Como notarán nuestro Presidente, y nuestro estimado lector, aquí no pido que Raúl Castro abandone el poder, no hablo de elecciones democráticas. En sufragios libres, en igualdad de condiciones con su oposición política, la dictadura cubana no tendría la más mínima posibilidad de triunfar después de la desolación económica, pero sobre todo moral y ética, que ha impuesto por la fuerza al pueblo cubano. El cumplimiento de esta sola condición convertiría en superfluos los consejos aquí enunciados. Tampoco hablo hoy de división de poderes, ni de libertad de prensa, por sólo citar dos puntos que bastarían para derribar a este gigante de pies de barro que es la dictadura cubana. Sólo dejo aquí propuestas prácticas, que oxigenarían nuestra economía y aliviarían inmediatamente el clima tenso de nuestra sociedad.

Si bien Raúl Castro estuvo en condiciones de quedar ante la Historia como un reformador, hasta ahora no ha mostrado menos obcecación por el poder que su hermano mayor, ni menos vocación por el uso sistemático de la represión política, y tomando en cuenta el corto período que nos separa del anunciado fin de su mandato, nada hasta ahora señala a que esto vaya a cambiar. No obstante aquí le dejo estos consejos, que ya él decidirá si tomar o no, con sus inevitables consecuencias en un sentido u otro. Pero decida el General lo que decida, algo sí debe quedarle claro: Cuba se merece otro camino, y lo tomará quiera él o no lo quiera.
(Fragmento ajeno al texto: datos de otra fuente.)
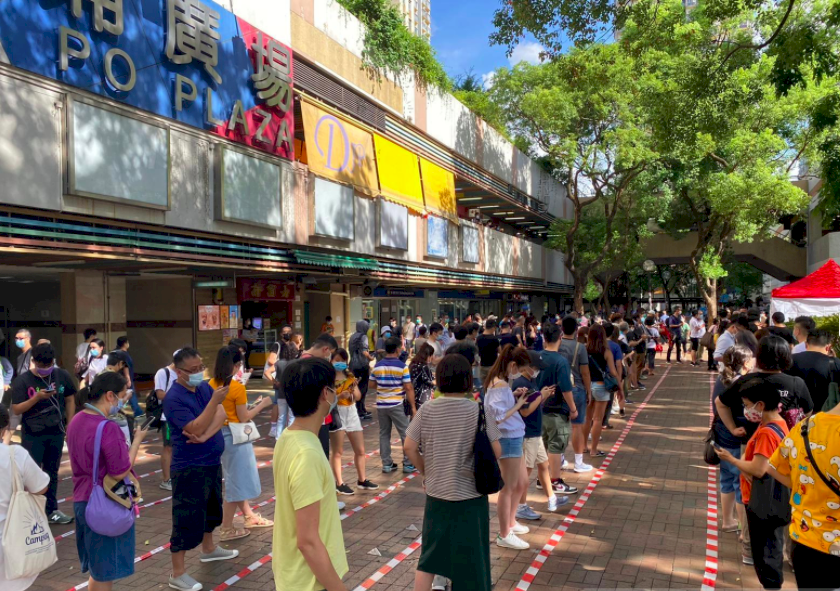 學者:港府對泛民初選者一視同仁可能大舉DQ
Esto es algo inevitable.

Comentarios en: "Algunos consejos prácticos a Raúl Castro" (4)

  1. Los Castro saben perfectamente de tus consejos ,pero no las aplicaran ,la llamada “apertura “,no fue ni es ,mientras sigan en el poder y piensen en dejar descendientes ,nada cambiara .
    No pretendo ser aguafiestas ,pero el mundo fue complice durante 57 años y los hermanitos hicieron y manipularon a su antojo ,hoy es igual .
    El acercamiento de Estados Unidos su “peor enemigo” ,no modifico la vida del cubano de a pie .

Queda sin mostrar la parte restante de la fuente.